The Democratic Alliance has, on Thursday, called on embattled chair of the Independent Electoral Commission to consider resigning from her position as a way of saving the commission’s integrity.
This call was made by the DA’s federal executive chairman, James Selfe, who said that the credibility and stability of the commission was at stake because of Tlakula’s conduct. Selfe’s sentiments come close on the heels of the Wednesday ruling by the electoral court judge who ruled that the IEC chairperson acted in violation of her role as a leader of the Chapter nine institution when she allowed the leasing of the IEC headquarters in Centurion to a company that was co-owned by a man she was rumored to be romantically involved with.

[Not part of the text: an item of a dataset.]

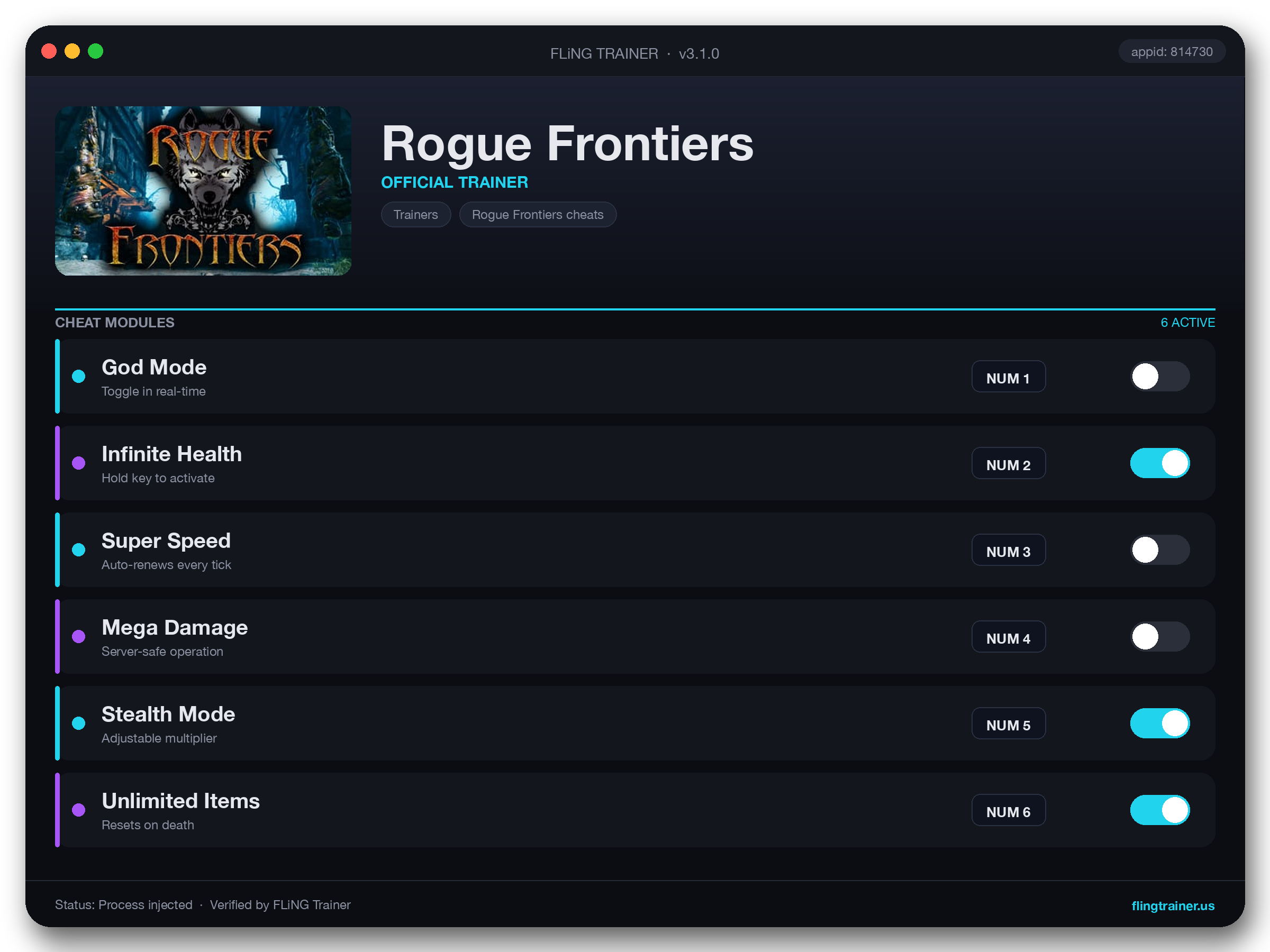 Rogue Frontiers Trainer interface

In his ruling, Judge Wepener found that, in allowing Thaba Mafumadi’s company to lease the commission’s building, Pansy Tlakula had not only broken the law, but that she had also failed to take responsibility for her actions. He recommended in his report that she be removed from her position.
What Judge Wepener found about this notorious business transaction is nothing new but is the hollow echo of numerous other entities that also found the same. Late in 2013, the Public Protector, Thuli Madonsela also came to the same conclusion in her investigation of the office of the chairperson of the Independent Electoral Commission. Madonsela found that in addition, Tlakula had also failed to provide appropriate guidance to her subordinates. She had also recommended that the IEC leader be removed from her position. Her report was also authenticated by an independent forensic audit report by Pricewaterhouse Cooper, which had also come to the same conclusion regarding Tlakula’s conduct.
A few months before the May 7 elections, a coalition of political parties attempted to make an urgent push for the removal of Tlakula from her position. In their affidavit, the parties, which included the Economic Freedom Fighters and the United Democratic Movement argued that if she was allowed to run the elections, Tlakula would bring the elections to disrepute and further that these elections would lose credibility both nationally and internationally. On Wednesday, when it emerged that the electoral court had ruled that Tlakula be removed, Bantu Holomisa of the UDM, said that it was long overdue for her to be relieved of her duties.
It is against this backdrop that Selfe recommends that Tlakula steps down of her own accord. This apparently comes in the wake of calls to the effect that the removal of the IEC chair can be a long, tedious and well drawn out process.